- Prompt
The answer must be an exact copy of the lines from the one containing "Mesh Linen Scarf | Black + White" through the end of the records, with the pictures left out.

- Pictures with short captions

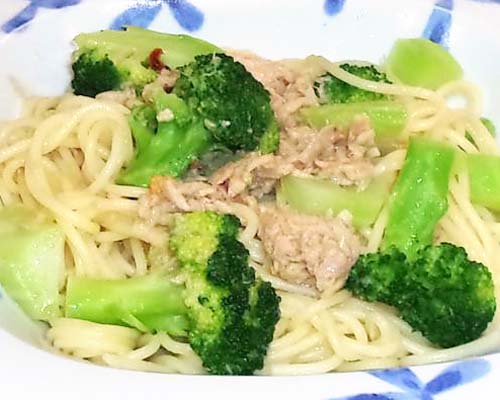 ブロッコリーとツナのパスタ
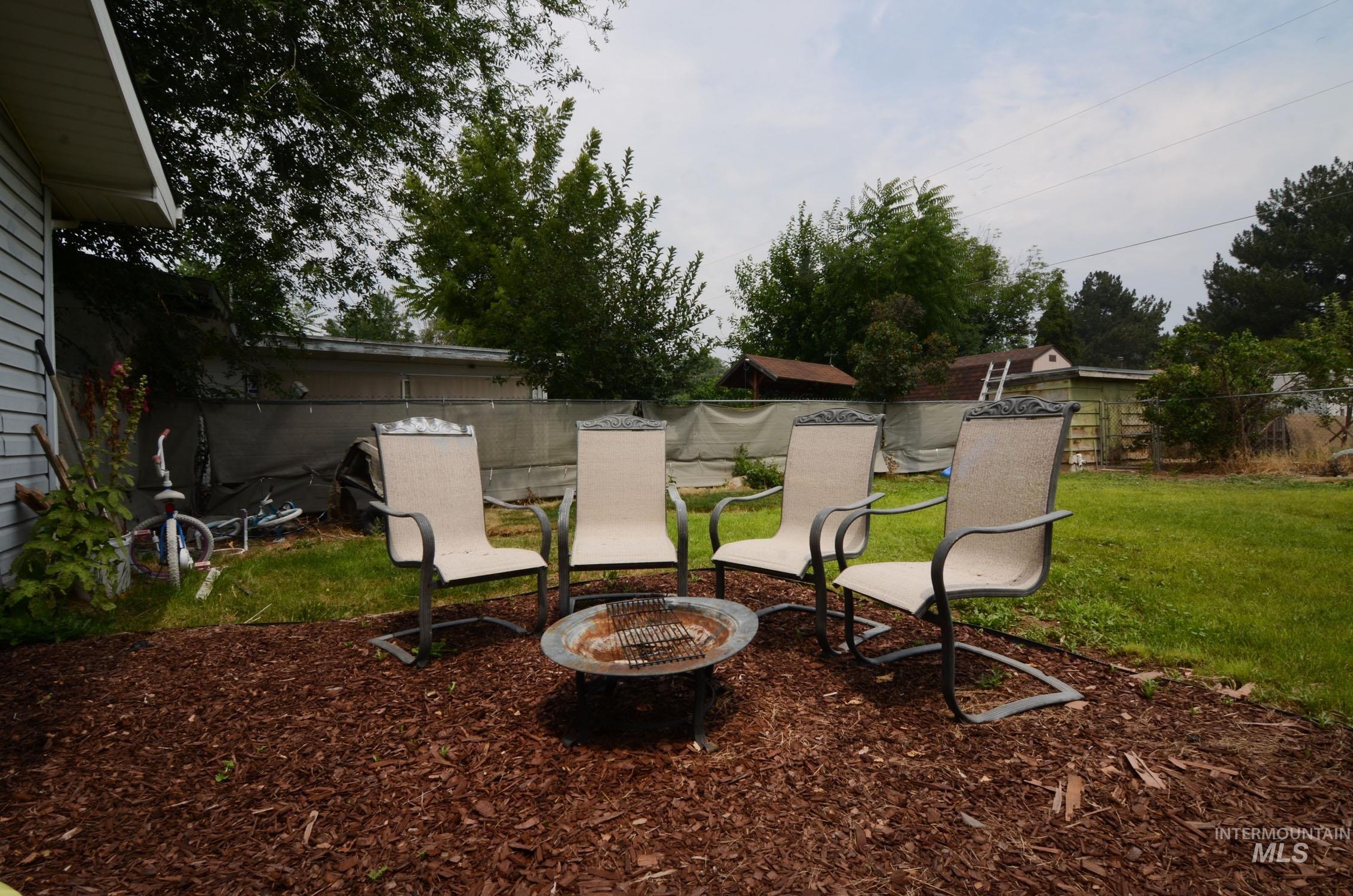 1122 N Midland Blvd, Nampa, Idaho 83651, 3 Bedrooms, 2 Bathrooms, Residential For Sale, Price $374,900,MLS 98994929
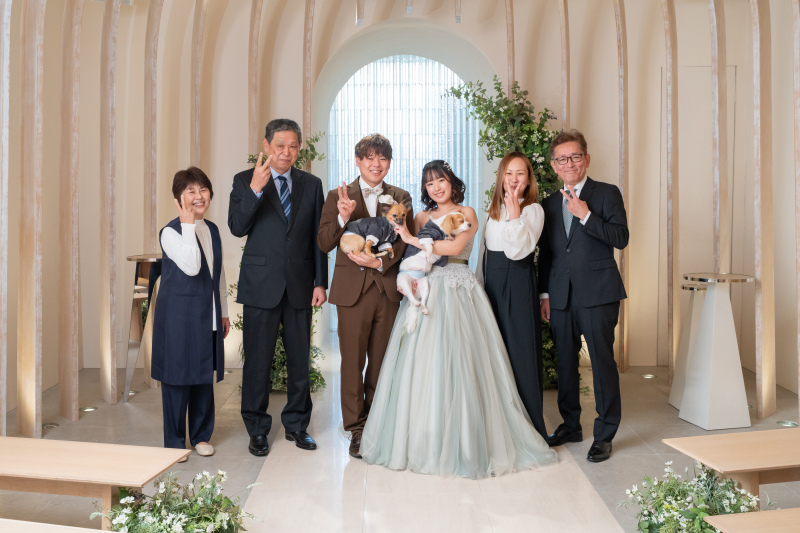 小さな結婚式 名古屋店_家族・友人を撮影に呼べる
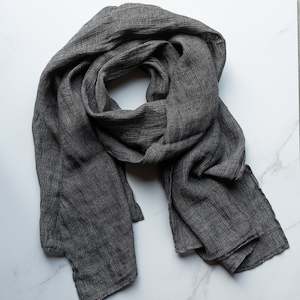 Mesh Linen Scarf | Black + White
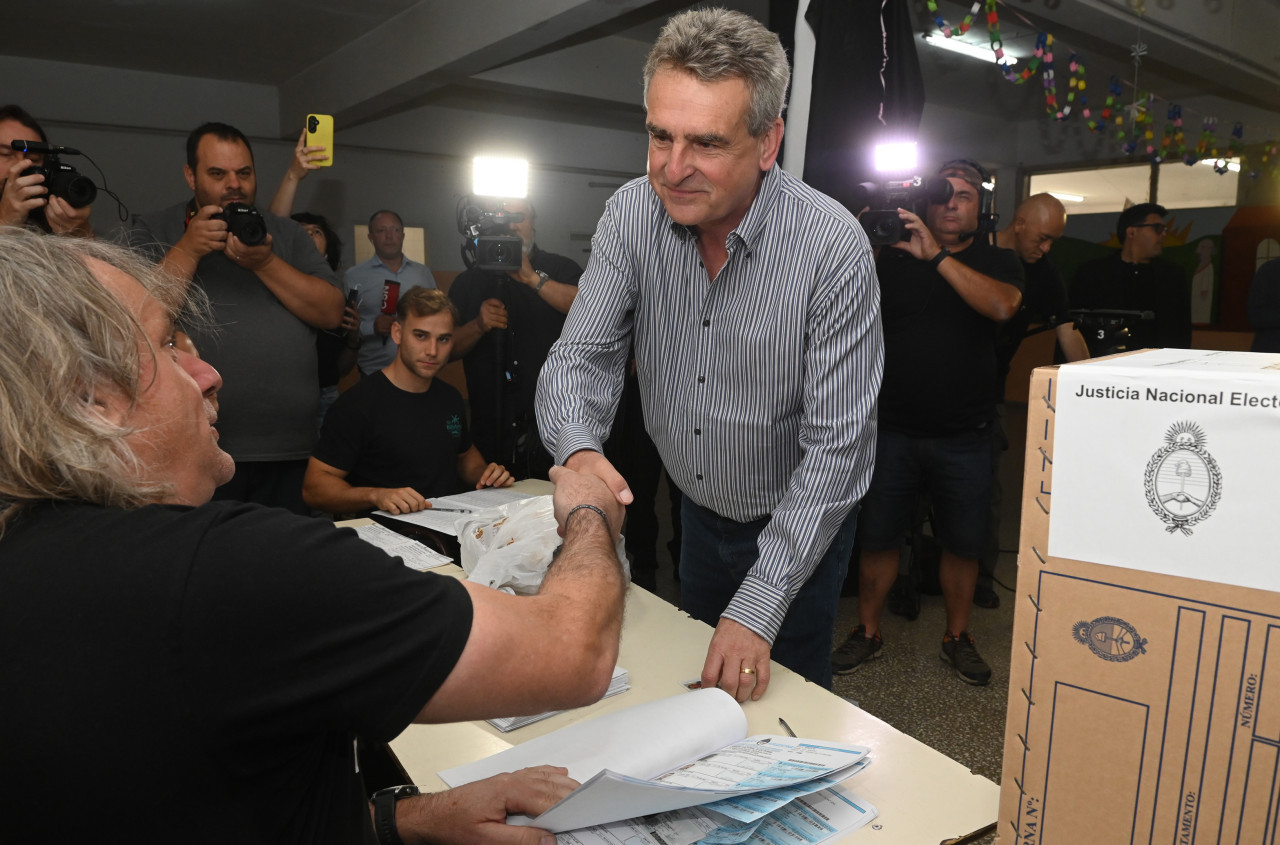 Agustín Rossi votó en Rosario. Foto: Télam.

- Exercise response
 Mesh Linen Scarf | Black + White
 Agustín Rossi votó en Rosario. Foto: Télam.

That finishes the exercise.